A nimble blend of politics, sex, and modern history, “Charlie Wilson’s War” is ten times more fun than a cinematic civics lesson ought to be. With Mike Nichols behind the camera and Aaron Sorkin at the typewriter, the movie’s liberal disposition will surprise nobody, but the film contains a tacit approval of hawkishness that lends the enterprise a sobering subtext. Conservatives will seethe at the suggestion that clandestine, Reagan-era armament of Afghan Mujahideen set the table for the Taliban and the rise of terrorism perpetrated by Islamic extremists, but the filmmakers are not afraid to connect the dots provided by George Crile’s 2003 book “Charlie Wilson’s War: The Extraordinary Story of the Largest Covert Operation in History.”

With its trio of Academy Award winning performers in starring roles, “Charlie Wilson’s War” might have easily been a bloated prestige picture designed to reel in trophies even as it put audiences to sleep. Fortunately, Nichols and Sorkin streamline the source material into an aerodynamic bullet train, and the movie’s 97-minute running time turns out to be one of the film’s biggest assets. Nichols also understands better than nearly any director that a spoonful of comedy helps the political exposition go down, and makes certain to skirt didacticism whenever satire and farce will do.

Stepping into the shoes of the Texas Congressman known as “Good Time Charlie,” Tom Hanks works his self-deprecating charm into overdrive, emphasizing Wilson’s predilections for whiskey and women without losing sight of the man’s keen interest in world affairs. Wilson’s very friendly relationship with Houston socialite Joanne Herring (embodied seductively by Julia Roberts), involves him in the anti-Soviet cause, and in a blink, he’s helped appropriate substantial piles of cash to provide anti-tank and surface-to-air missiles to fighters in Afghanistan.
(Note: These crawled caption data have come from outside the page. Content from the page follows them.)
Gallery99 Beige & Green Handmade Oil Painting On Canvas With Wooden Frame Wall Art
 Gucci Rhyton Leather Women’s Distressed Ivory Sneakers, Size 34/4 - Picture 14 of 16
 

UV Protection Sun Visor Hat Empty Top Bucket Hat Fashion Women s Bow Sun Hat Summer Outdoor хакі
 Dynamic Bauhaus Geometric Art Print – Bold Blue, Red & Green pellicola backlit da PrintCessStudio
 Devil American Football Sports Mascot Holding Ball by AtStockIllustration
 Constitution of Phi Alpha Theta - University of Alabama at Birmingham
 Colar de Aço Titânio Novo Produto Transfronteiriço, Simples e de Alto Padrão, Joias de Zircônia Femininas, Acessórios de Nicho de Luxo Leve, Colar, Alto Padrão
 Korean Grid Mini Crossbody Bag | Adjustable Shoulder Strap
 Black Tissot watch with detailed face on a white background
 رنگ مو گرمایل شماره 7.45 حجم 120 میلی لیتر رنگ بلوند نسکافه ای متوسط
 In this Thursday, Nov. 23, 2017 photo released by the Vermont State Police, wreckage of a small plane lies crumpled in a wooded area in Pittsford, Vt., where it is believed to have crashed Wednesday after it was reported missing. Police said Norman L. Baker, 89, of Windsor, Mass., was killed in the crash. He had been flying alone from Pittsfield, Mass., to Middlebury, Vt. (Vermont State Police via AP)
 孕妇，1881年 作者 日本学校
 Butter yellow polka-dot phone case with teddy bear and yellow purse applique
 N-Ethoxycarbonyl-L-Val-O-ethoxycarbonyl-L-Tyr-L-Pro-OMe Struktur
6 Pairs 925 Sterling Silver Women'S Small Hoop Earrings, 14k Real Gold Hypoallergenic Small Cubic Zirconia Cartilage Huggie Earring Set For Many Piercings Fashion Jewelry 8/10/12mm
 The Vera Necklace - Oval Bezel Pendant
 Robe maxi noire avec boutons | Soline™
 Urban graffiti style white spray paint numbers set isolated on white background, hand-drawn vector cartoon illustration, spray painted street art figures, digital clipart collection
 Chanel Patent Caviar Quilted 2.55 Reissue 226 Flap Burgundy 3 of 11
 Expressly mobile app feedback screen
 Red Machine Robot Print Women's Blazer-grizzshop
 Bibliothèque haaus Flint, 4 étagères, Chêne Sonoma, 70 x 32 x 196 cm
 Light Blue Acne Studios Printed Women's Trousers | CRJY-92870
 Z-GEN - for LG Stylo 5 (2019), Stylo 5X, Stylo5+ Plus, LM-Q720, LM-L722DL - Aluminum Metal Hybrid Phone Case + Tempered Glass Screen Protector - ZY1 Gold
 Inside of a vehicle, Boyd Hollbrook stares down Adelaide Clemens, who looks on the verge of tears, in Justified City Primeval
Aiding and abetting Wilson is surly C.I.A. operative Gust Avrakotos (Philip Seymour Hoffman), whose rapid comebacks and quicksilver wit perfectly complement his intense expertise and unwillingness to suffer fools.

Sorkin has honed his ability to balance bleak, darkly comic cynicism with I-told-you-so piety, and his screenplay demonstrates the best example yet. The dialogue is so crisp and sharp, it makes you wish people were able to speak with such consistent bite in the real world. Sorkin has a knack for both illuminating and simplifying the messed-up ironies inherent in the U.S. political machine, and once the dust begins to settle, the audience shares Wilson’s indignation at the refusal of his colleagues to spend a measly million dollars to finance schools in Afghanistan after the tide has turned against the Soviet Union.

Of course, the idea that Wilson was able to get everything done with a wink and a drink plants “Charlie Wilson’s War” firmly in the tradition of Frank Capra’s Capitol Hill fantasies. This breezy approach enhances rather than diminishes the movie’s sparkle, except in the few instances when the filmmakers opt for seriousness. Scenes in which villages are strafed by U.S.S.R. attack helicopters feel out of place, especially when Nichols takes us into the cockpits for some subtitled gallows humor. Minor complaints like this, however, can scarcely stand in the way of the movie’s grand old time.